Friday, 28 November 2014

Mr Mercedes - Stephen King - evil genius




From Goodreads:

In the frigid pre-dawn hours, in a distressed Midwestern city, hundreds of desperate unemployed folks are lined up for a spot at a job fair. Without warning, a lone driver plows through the crowd in a stolen Mercedes, running over the innocent, backing up, and charging again. Eight people are killed; fifteen are wounded. The killer escapes.

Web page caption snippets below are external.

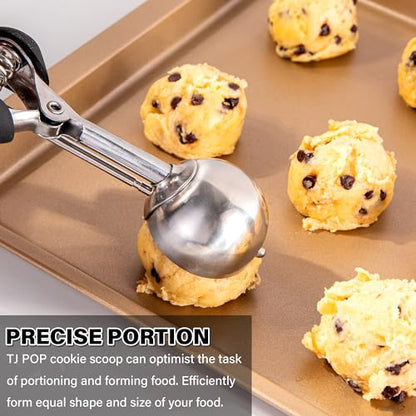 Cookie Scoop 2 Tbsp for Baking, Professional Stainless Steel Ice Cream Scoop 44mm, Melon Baller Muffin Scoop, Good Soft Grips, Quick Trigger Release, 30ml (2 Tablespoon) - size: 2 tbsp (44 mm)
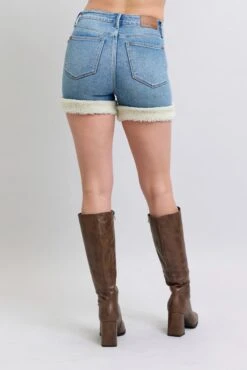 Judy Blue Full Size Hw Tummy Control Shearling Cuff Denim Shorts Plus Size -Little Loom Store ac0287d9443845ba97c5375b1ba2e2bb Max Origin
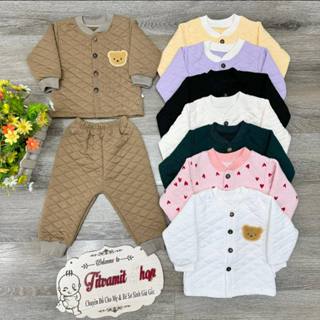 Bộ dài Minky trần bông hình gấu cho bé mặc thu đông(mỗi mầu 1 kiểu chất trần bông)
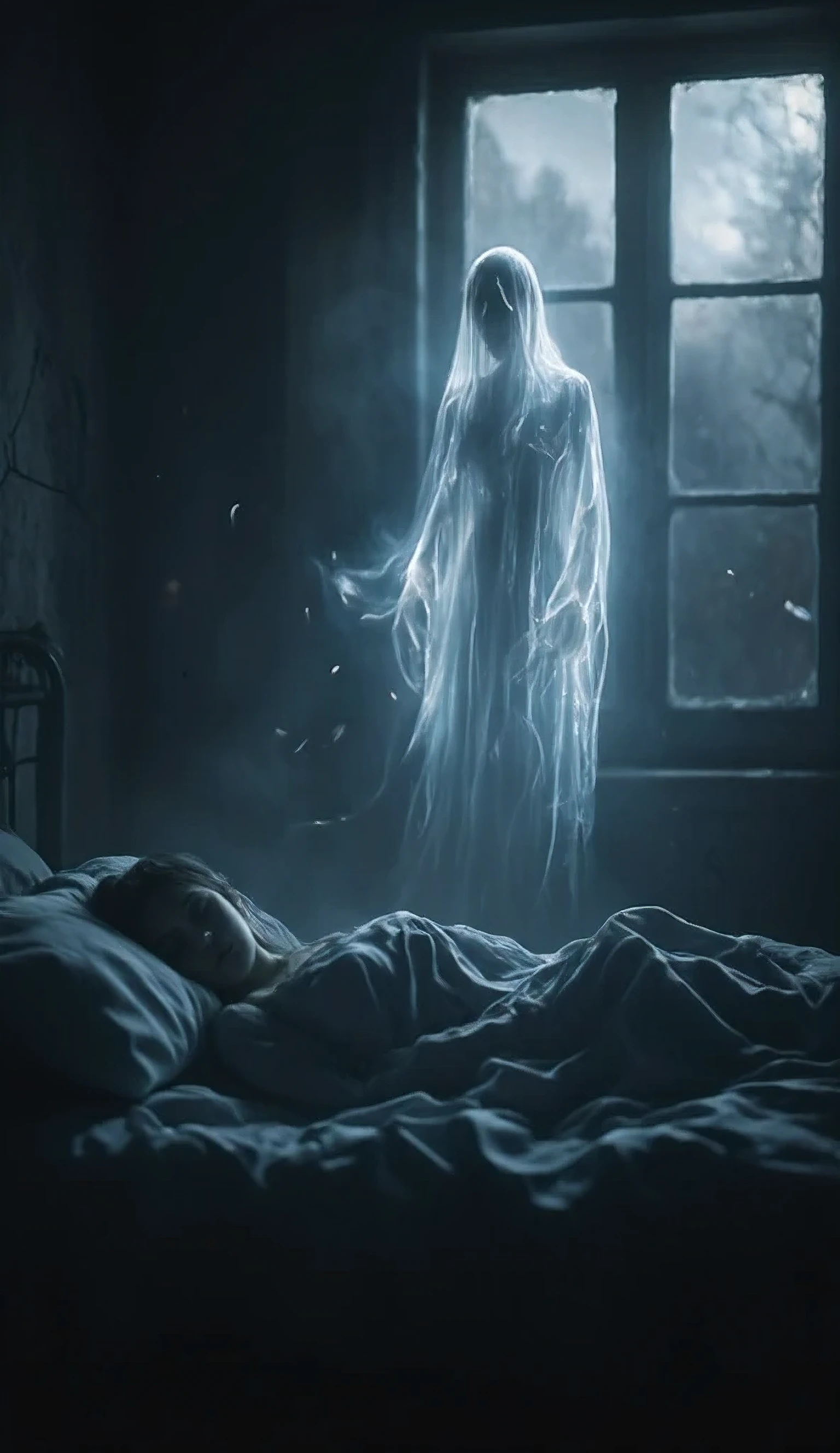 ghost standing in home, sleeping woman, ghost watching sleeping woman,8K, photorealistic, masterpiece, highly detailed, dramatic lighting, moody atmosphere, dimly lit interior, eerie ambiance, haunting presence, ethereal energy, spectral figure, wispy apparition, woman sleeping peacefully, bedding rumpled, moonlight streaming through window, shadows flickering,dark fantasy,digital painting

In another part of town, months later, a retired cop named Bill Hodges is still haunted by the unsolved crime. When he gets a crazed letter from someone who self-identifies as the "perk" and threatens an even more diabolical attack, Hodges wakes up from his depressed and vacant retirement, hell-bent on preventing another tragedy.

Brady Hartfield lives with his alcoholic mother in the house where he was born. He loved the feel of death under the wheels of the Mercedes, and he wants that rush again.

Only Bill Hodges, with a couple of highly unlikely allies, can apprehend the killer before he strikes again. And they have no time to lose, because Brady’s next mission, if it succeeds, will kill or maim thousands.

Mr. Mercedes is a war between good and evil, from the master of suspense whose insight into the mind of this obsessed, insane killer is chilling and unforgettable.
My review

Those friends who know my reading tastes will know and agree with the following summary: I categorically loathe detective stories and murder investigations and what I detest even more are those which form part of a series.

So, when I found out that one of the recent Stephen Kings, Mr Mercedes, was no less than the first in a series of investigative police dramas, featuring a retired cop no less I nearly didn't even start to read it.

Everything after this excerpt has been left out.